AI is redefining what it means to be a web engineer.
I’m building with it and writing about what’s actually working.

I’m Steven Sacks, a fullstack engineer based in Tokyo, and I’m all-in on Agentic Engineering. I’m more engaged than I’ve been in years.
What I’m figuring out lands here in the articles I’m writing, and in GAIA, my open-source Claude Code workflow for web projects.
I write in English, and every article is translated into Japanese for my community of engineers in Japan, where I call home.
What I believe
Working with AI well is a teaching relationship that runs both ways.

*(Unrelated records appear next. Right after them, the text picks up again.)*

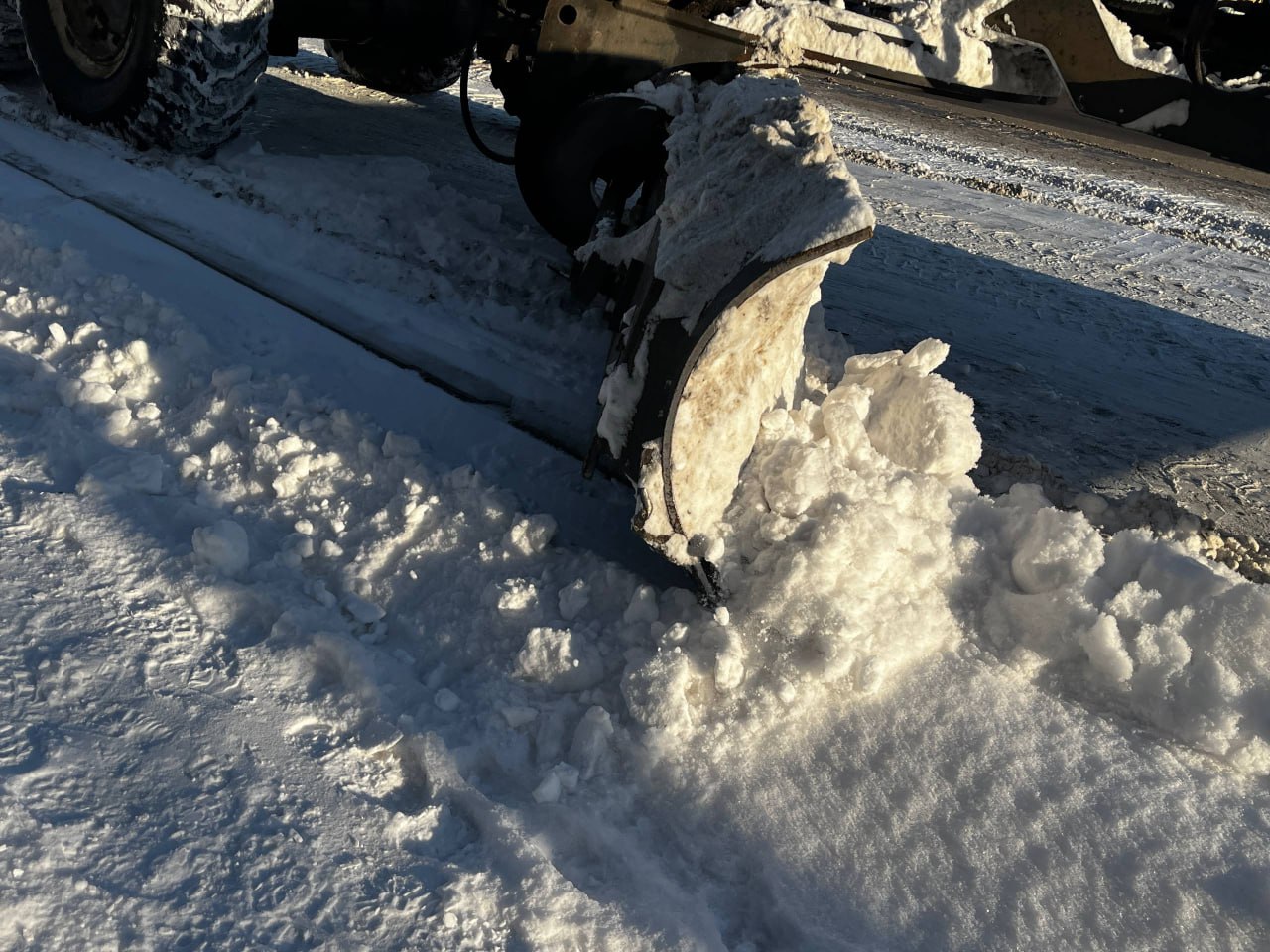 Во всех районах Биробиджана проходит уборка снега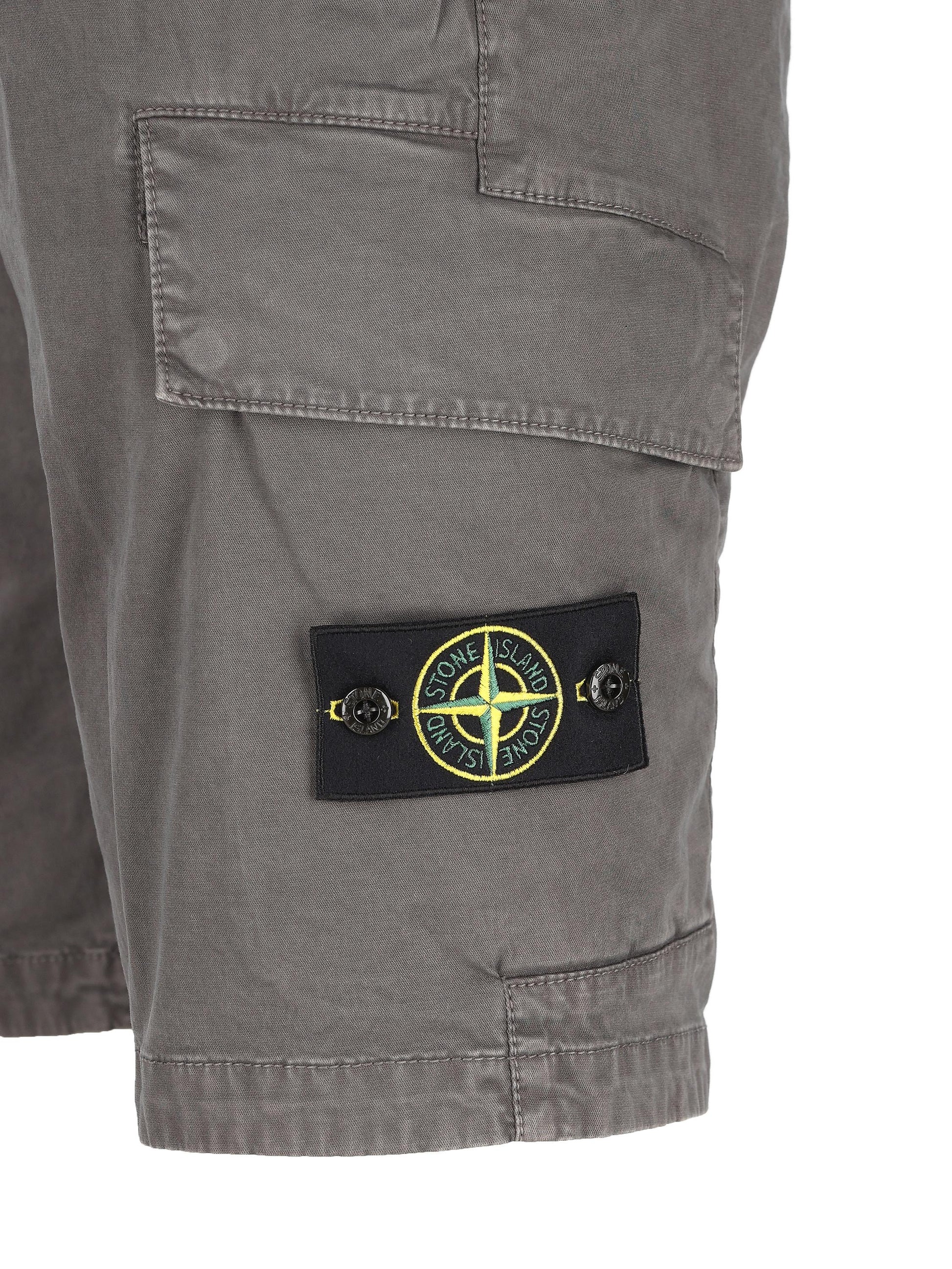 Shorts realizzati in cotone. L100018 S0004V0165 STONE ISLAND 
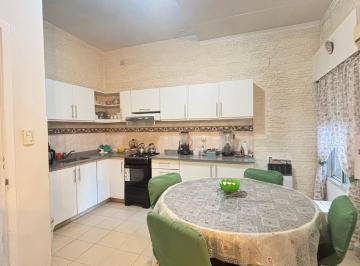 PH · 216m² · 3 Ambientes · 1 Cochera · Venta Casa 3 Amb con Cochera en Muñiz
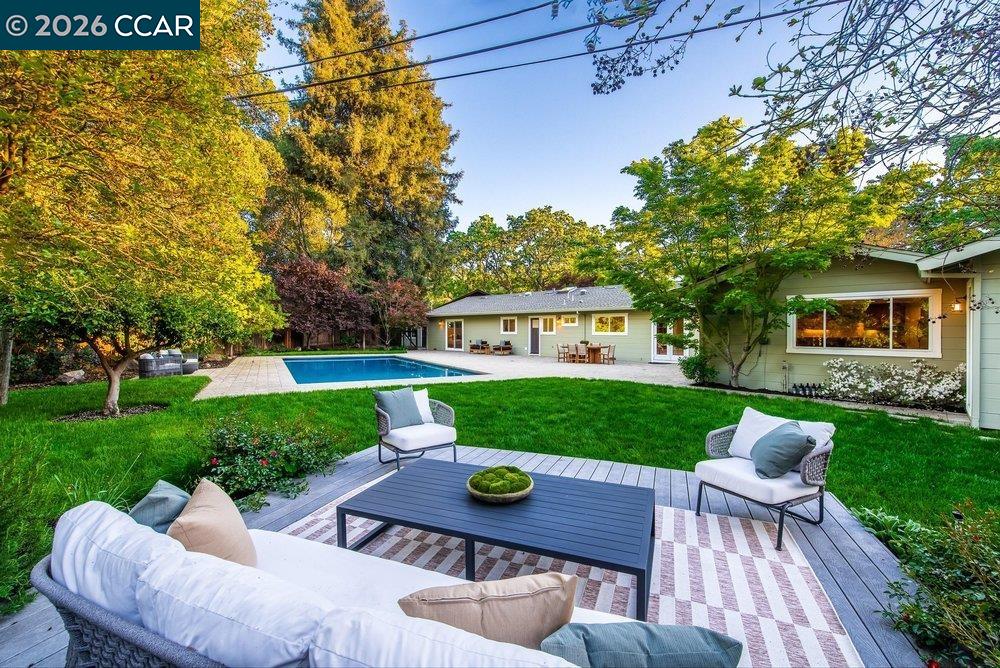 862 McEllen Way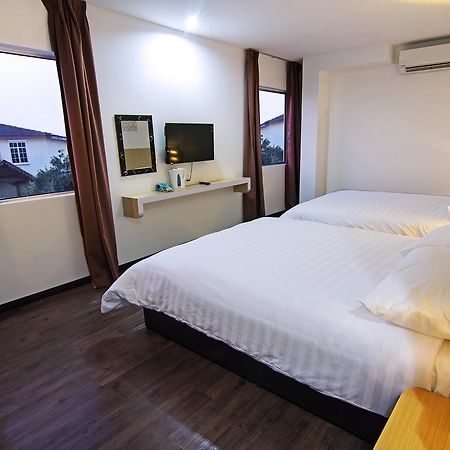 Thanks Hotel Parit Buntar Eksteriør billede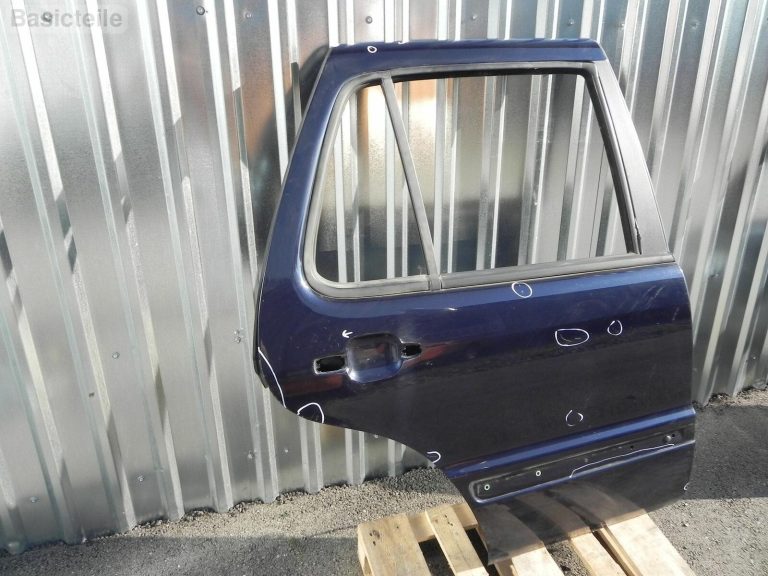 Mercedes Benz M-klase ML W163 Aizmugurējā labā puse Krāsa 359U Aizmugurējā labā puse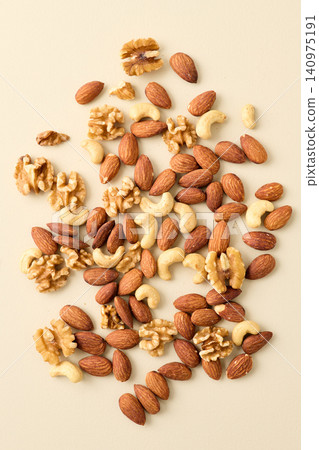 Mixed nuts Mixed nuts 140975191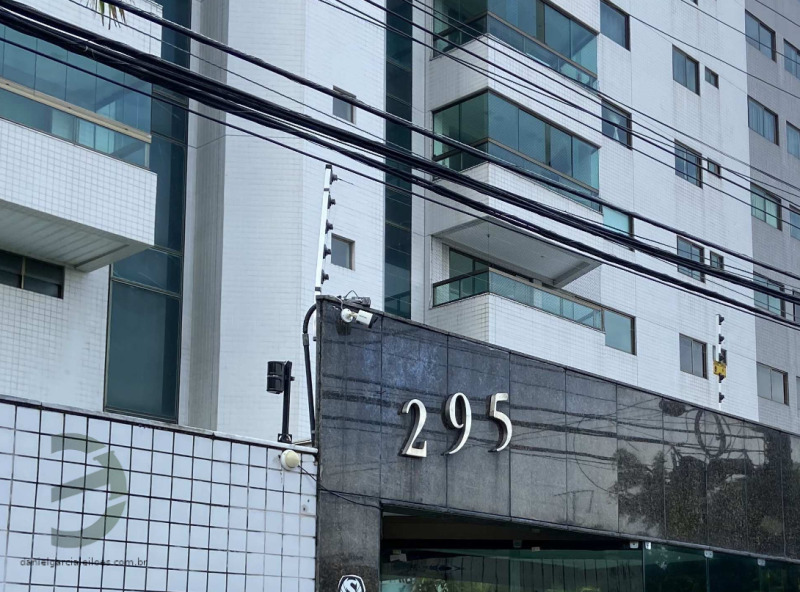 Apartamento em leilão em Recife - PE — LOTE 009 Apartamento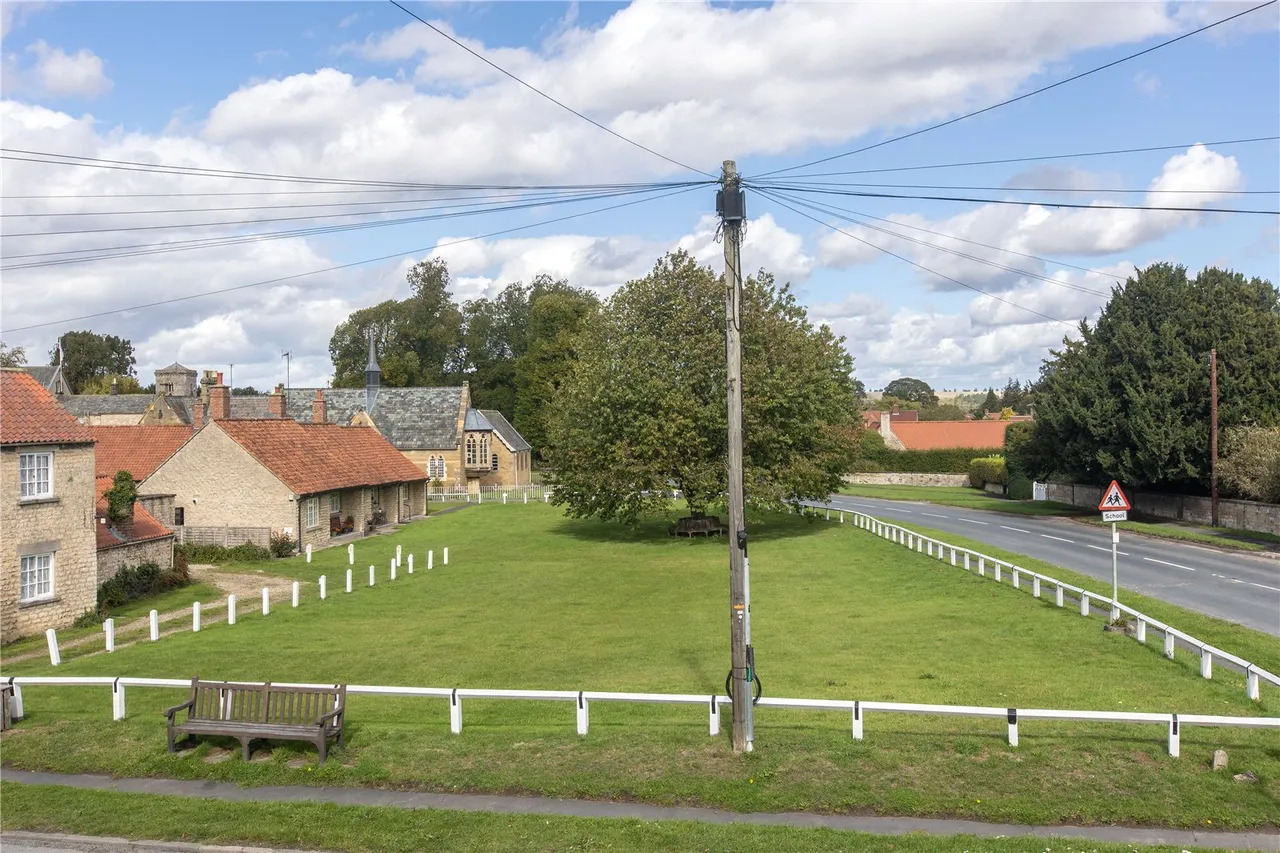 Park Street, Hovingham, York, North Yorkshire, YO62 4JZ, photo 12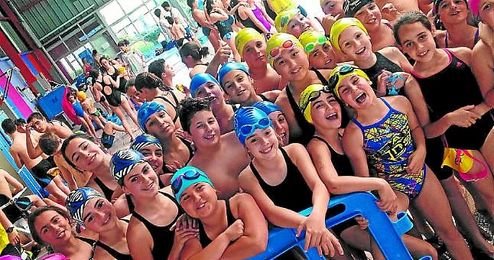 Los participantes disfrutaron de la jornada en la piscina. Los participantes disfrutaron de la jornada en la piscina.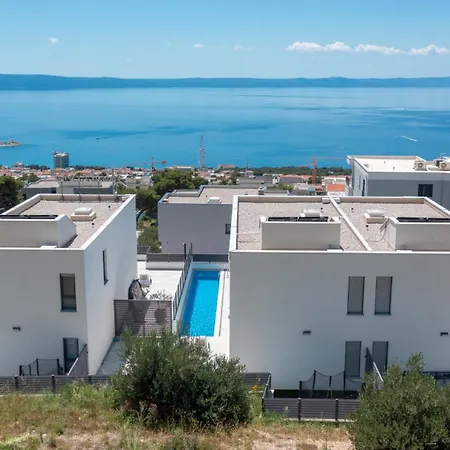 Villa Sunny Lux 3 In By Guide *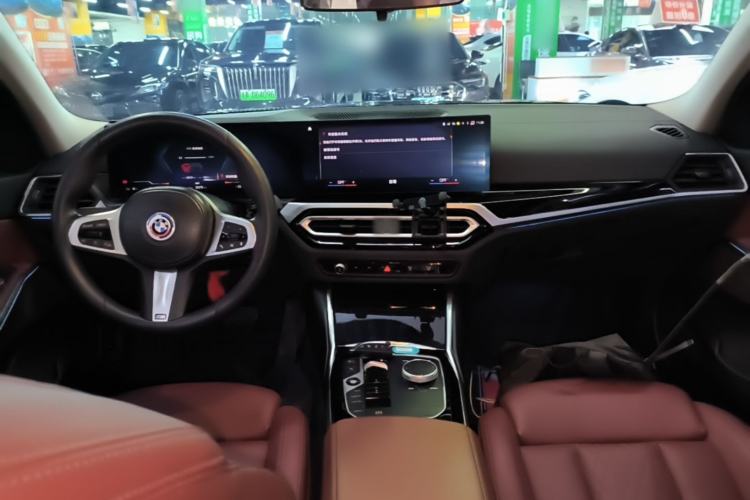 Used BMW i3 2022 eDrive 35 L Center Console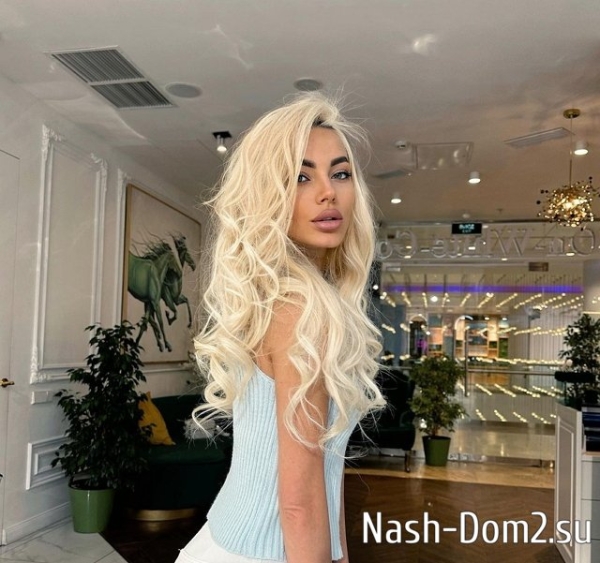 Аня Брянская сообщила о случайной встрече с Селезнёвым в Эмиратах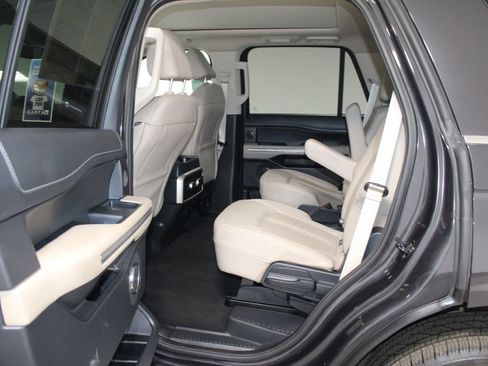 Used 2024 Ford Expedition Limited image 28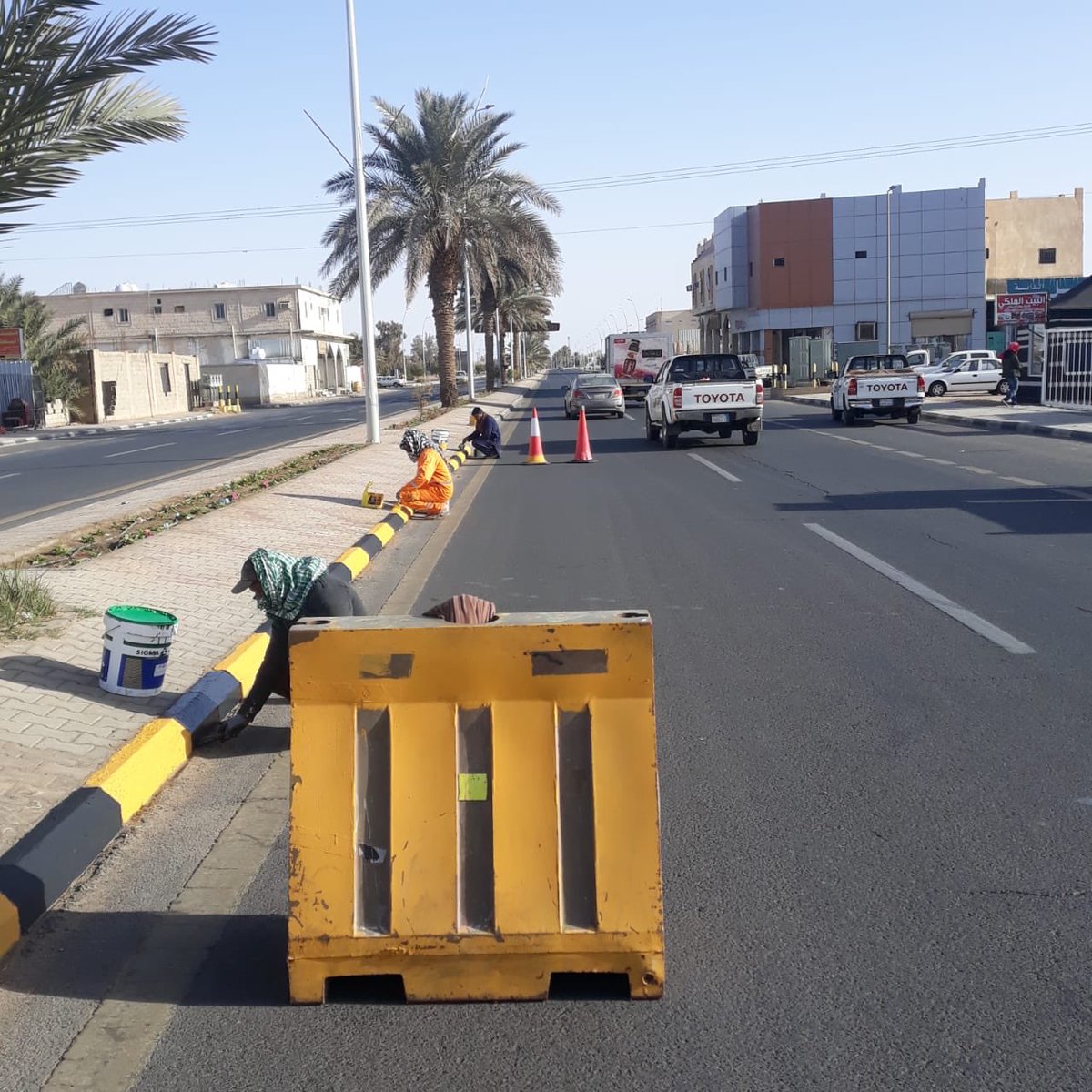 btabrjal's tweet photo. #بلدية_طبرجل ممثلة في إدارة الخدمات العامة واستمـراراً لحملـة #معالجة_التشوه_البصري  تكثف جهودها في صيانة ودهن الارصفة في الشوارع والاحياء السكنيه لـ
#تحسين_المشهد_الحضري https://t.co/9QIIKu8HY4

The engineer sets the spec, writes the plan, defines the tasks, and corrects the drift. AI executes. But every correction shapes the next interaction, and every gap it surfaces teaches you what you left out. Neither one has the full picture alone.
Most bad AI output is an input problem.
A model can only work with what you hand it. When the result is wrong, the fix is usually sharper explanation or a smaller task. Good input is your responsibility. So is knowing when the model has hit its ceiling.
Autonomous AI workflows are only as good as their gates.
Models can verify the work of other models, and that helps. But AI drifts in ways code does not and humans do not. It has its own category of failure. Guardrails reduce it. Running them more than once catches what a single pass misses. How much autonomy you hand over is really a question of what oversight matches the risk you are willing to own.